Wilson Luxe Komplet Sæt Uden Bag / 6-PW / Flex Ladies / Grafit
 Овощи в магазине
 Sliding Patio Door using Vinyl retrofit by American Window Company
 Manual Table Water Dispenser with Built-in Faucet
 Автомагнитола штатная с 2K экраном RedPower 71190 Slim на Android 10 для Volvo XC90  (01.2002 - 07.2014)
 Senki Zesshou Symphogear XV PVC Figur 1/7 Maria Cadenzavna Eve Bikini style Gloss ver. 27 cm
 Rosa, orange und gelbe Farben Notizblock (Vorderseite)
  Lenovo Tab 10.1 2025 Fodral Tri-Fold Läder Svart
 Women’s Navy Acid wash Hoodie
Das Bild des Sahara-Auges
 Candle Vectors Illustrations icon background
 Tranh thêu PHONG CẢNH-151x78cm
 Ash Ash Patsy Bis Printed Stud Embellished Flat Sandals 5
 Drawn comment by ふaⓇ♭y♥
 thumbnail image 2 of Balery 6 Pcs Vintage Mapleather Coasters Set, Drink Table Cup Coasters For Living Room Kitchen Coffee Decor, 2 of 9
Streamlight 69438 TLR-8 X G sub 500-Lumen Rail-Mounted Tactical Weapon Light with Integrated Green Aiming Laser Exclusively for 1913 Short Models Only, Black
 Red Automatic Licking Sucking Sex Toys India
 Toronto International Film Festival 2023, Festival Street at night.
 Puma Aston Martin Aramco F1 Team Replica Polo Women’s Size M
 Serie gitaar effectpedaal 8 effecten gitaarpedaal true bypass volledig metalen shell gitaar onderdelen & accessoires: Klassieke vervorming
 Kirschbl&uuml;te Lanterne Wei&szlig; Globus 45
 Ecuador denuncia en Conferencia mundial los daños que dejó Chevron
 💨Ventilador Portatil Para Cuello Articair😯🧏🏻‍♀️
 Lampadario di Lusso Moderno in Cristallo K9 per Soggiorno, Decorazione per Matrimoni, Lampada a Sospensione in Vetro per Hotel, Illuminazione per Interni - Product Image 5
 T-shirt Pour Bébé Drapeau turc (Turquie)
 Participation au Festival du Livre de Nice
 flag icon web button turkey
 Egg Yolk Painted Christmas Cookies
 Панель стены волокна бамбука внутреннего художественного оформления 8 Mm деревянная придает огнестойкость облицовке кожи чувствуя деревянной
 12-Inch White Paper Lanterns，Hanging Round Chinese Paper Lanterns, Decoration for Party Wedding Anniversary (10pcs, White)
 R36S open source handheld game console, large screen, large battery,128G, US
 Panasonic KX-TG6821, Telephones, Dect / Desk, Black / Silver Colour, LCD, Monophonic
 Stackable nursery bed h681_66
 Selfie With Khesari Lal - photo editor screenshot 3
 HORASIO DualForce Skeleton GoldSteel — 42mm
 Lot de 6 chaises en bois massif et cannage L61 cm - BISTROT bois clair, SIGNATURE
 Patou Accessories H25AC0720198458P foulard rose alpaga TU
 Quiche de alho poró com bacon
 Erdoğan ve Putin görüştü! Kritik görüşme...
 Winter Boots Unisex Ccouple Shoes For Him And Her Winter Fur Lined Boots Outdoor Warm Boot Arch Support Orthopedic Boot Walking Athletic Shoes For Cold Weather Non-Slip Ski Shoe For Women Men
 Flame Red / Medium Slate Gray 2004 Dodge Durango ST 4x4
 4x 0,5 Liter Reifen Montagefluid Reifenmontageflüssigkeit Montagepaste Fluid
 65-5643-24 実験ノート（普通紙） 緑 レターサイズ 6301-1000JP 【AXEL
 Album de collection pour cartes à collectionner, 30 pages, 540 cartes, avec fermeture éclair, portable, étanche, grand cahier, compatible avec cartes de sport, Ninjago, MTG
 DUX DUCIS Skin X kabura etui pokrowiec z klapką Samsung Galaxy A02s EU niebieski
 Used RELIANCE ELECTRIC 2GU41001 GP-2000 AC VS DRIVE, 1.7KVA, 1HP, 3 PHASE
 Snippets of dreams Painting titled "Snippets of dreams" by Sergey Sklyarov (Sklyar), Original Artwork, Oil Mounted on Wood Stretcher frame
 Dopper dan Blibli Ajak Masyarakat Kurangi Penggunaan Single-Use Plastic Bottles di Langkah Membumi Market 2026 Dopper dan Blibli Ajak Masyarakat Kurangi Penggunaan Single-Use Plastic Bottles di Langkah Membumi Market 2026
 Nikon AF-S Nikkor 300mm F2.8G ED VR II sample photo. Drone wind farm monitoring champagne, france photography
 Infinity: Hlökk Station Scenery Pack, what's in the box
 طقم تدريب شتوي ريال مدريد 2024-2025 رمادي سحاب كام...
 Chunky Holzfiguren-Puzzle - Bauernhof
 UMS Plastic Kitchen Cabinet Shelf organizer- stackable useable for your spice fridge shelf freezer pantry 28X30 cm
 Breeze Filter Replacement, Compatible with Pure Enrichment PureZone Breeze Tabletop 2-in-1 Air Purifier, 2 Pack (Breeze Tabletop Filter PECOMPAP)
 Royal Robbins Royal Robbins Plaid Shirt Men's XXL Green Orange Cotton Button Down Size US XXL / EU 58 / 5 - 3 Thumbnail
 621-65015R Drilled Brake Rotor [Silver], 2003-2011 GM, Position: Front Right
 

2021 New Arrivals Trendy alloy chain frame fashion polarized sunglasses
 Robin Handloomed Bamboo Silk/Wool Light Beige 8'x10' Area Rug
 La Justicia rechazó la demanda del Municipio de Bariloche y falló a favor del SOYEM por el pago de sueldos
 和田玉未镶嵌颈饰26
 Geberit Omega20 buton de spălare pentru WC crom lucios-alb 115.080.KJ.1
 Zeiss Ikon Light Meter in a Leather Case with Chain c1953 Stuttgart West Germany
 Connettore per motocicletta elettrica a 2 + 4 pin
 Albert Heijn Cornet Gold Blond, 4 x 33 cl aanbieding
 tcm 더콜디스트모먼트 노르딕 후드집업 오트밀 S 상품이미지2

——

» Exercise prompt
In full and without changes, give the data above once more.

» Response area
Wilson Luxe Komplet Sæt Uden Bag / 6-PW / Flex Ladies / Grafit
 Овощи в магазине
 Sliding Patio Door using Vinyl retrofit by American Window Company
 Manual Table Water Dispenser with Built-in Faucet
 Автомагнитола штатная с 2K экраном RedPower 71190 Slim на Android 10 для Volvo XC90  (01.2002 - 07.2014)
 Senki Zesshou Symphogear XV PVC Figur 1/7 Maria Cadenzavna Eve Bikini style Gloss ver. 27 cm
 Rosa, orange und gelbe Farben Notizblock (Vorderseite)
  Lenovo Tab 10.1 2025 Fodral Tri-Fold Läder Svart
 Women’s Navy Acid wash Hoodie
Das Bild des Sahara-Auges
 Candle Vectors Illustrations icon background
 Tranh thêu PHONG CẢNH-151x78cm
 Ash Ash Patsy Bis Printed Stud Embellished Flat Sandals 5
 Drawn comment by ふaⓇ♭y♥
 thumbnail image 2 of Balery 6 Pcs Vintage Mapleather Coasters Set, Drink Table Cup Coasters For Living Room Kitchen Coffee Decor, 2 of 9
Streamlight 69438 TLR-8 X G sub 500-Lumen Rail-Mounted Tactical Weapon Light with Integrated Green Aiming Laser Exclusively for 1913 Short Models Only, Black
 Red Automatic Licking Sucking Sex Toys India
 Toronto International Film Festival 2023, Festival Street at night.
 Puma Aston Martin Aramco F1 Team Replica Polo Women’s Size M
 Serie gitaar effectpedaal 8 effecten gitaarpedaal true bypass volledig metalen shell gitaar onderdelen & accessoires: Klassieke vervorming
 Kirschbl&uuml;te Lanterne Wei&szlig; Globus 45
 Ecuador denuncia en Conferencia mundial los daños que dejó Chevron
 💨Ventilador Portatil Para Cuello Articair😯🧏🏻‍♀️
 Lampadario di Lusso Moderno in Cristallo K9 per Soggiorno, Decorazione per Matrimoni, Lampada a Sospensione in Vetro per Hotel, Illuminazione per Interni - Product Image 5
 T-shirt Pour Bébé Drapeau turc (Turquie)
 Participation au Festival du Livre de Nice
 flag icon web button turkey
 Egg Yolk Painted Christmas Cookies
 Панель стены волокна бамбука внутреннего художественного оформления 8 Mm деревянная придает огнестойкость облицовке кожи чувствуя деревянной
 12-Inch White Paper Lanterns，Hanging Round Chinese Paper Lanterns, Decoration for Party Wedding Anniversary (10pcs, White)
 R36S open source handheld game console, large screen, large battery,128G, US
 Panasonic KX-TG6821, Telephones, Dect / Desk, Black / Silver Colour, LCD, Monophonic
 Stackable nursery bed h681_66
 Selfie With Khesari Lal - photo editor screenshot 3
 HORASIO DualForce Skeleton GoldSteel — 42mm
 Lot de 6 chaises en bois massif et cannage L61 cm - BISTROT bois clair, SIGNATURE
 Patou Accessories H25AC0720198458P foulard rose alpaga TU
 Quiche de alho poró com bacon
 Erdoğan ve Putin görüştü! Kritik görüşme...
 Winter Boots Unisex Ccouple Shoes For Him And Her Winter Fur Lined Boots Outdoor Warm Boot Arch Support Orthopedic Boot Walking Athletic Shoes For Cold Weather Non-Slip Ski Shoe For Women Men
 Flame Red / Medium Slate Gray 2004 Dodge Durango ST 4x4
 4x 0,5 Liter Reifen Montagefluid Reifenmontageflüssigkeit Montagepaste Fluid
 65-5643-24 実験ノート（普通紙） 緑 レターサイズ 6301-1000JP 【AXEL
 Album de collection pour cartes à collectionner, 30 pages, 540 cartes, avec fermeture éclair, portable, étanche, grand cahier, compatible avec cartes de sport, Ninjago, MTG
 DUX DUCIS Skin X kabura etui pokrowiec z klapką Samsung Galaxy A02s EU niebieski
 Used RELIANCE ELECTRIC 2GU41001 GP-2000 AC VS DRIVE, 1.7KVA, 1HP, 3 PHASE
 Snippets of dreams Painting titled "Snippets of dreams" by Sergey Sklyarov (Sklyar), Original Artwork, Oil Mounted on Wood Stretcher frame
 Dopper dan Blibli Ajak Masyarakat Kurangi Penggunaan Single-Use Plastic Bottles di Langkah Membumi Market 2026 Dopper dan Blibli Ajak Masyarakat Kurangi Penggunaan Single-Use Plastic Bottles di Langkah Membumi Market 2026
 Nikon AF-S Nikkor 300mm F2.8G ED VR II sample photo. Drone wind farm monitoring champagne, france photography
 Infinity: Hlökk Station Scenery Pack, what's in the box
 طقم تدريب شتوي ريال مدريد 2024-2025 رمادي سحاب كام...
 Chunky Holzfiguren-Puzzle - Bauernhof
 UMS Plastic Kitchen Cabinet Shelf organizer- stackable useable for your spice fridge shelf freezer pantry 28X30 cm
 Breeze Filter Replacement, Compatible with Pure Enrichment PureZone Breeze Tabletop 2-in-1 Air Purifier, 2 Pack (Breeze Tabletop Filter PECOMPAP)
 Royal Robbins Royal Robbins Plaid Shirt Men's XXL Green Orange Cotton Button Down Size US XXL / EU 58 / 5 - 3 Thumbnail
 621-65015R Drilled Brake Rotor [Silver], 2003-2011 GM, Position: Front Right
 

2021 New Arrivals Trendy alloy chain frame fashion polarized sunglasses
 Robin Handloomed Bamboo Silk/Wool Light Beige 8'x10' Area Rug
 La Justicia rechazó la demanda del Municipio de Bariloche y falló a favor del SOYEM por el pago de sueldos
 和田玉未镶嵌颈饰26
 Geberit Omega20 buton de spălare pentru WC crom lucios-alb 115.080.KJ.1
 Zeiss Ikon Light Meter in a Leather Case with Chain c1953 Stuttgart West Germany
 Connettore per motocicletta elettrica a 2 + 4 pin
 Albert Heijn Cornet Gold Blond, 4 x 33 cl aanbieding
 tcm 더콜디스트모먼트 노르딕 후드집업 오트밀 S 상품이미지2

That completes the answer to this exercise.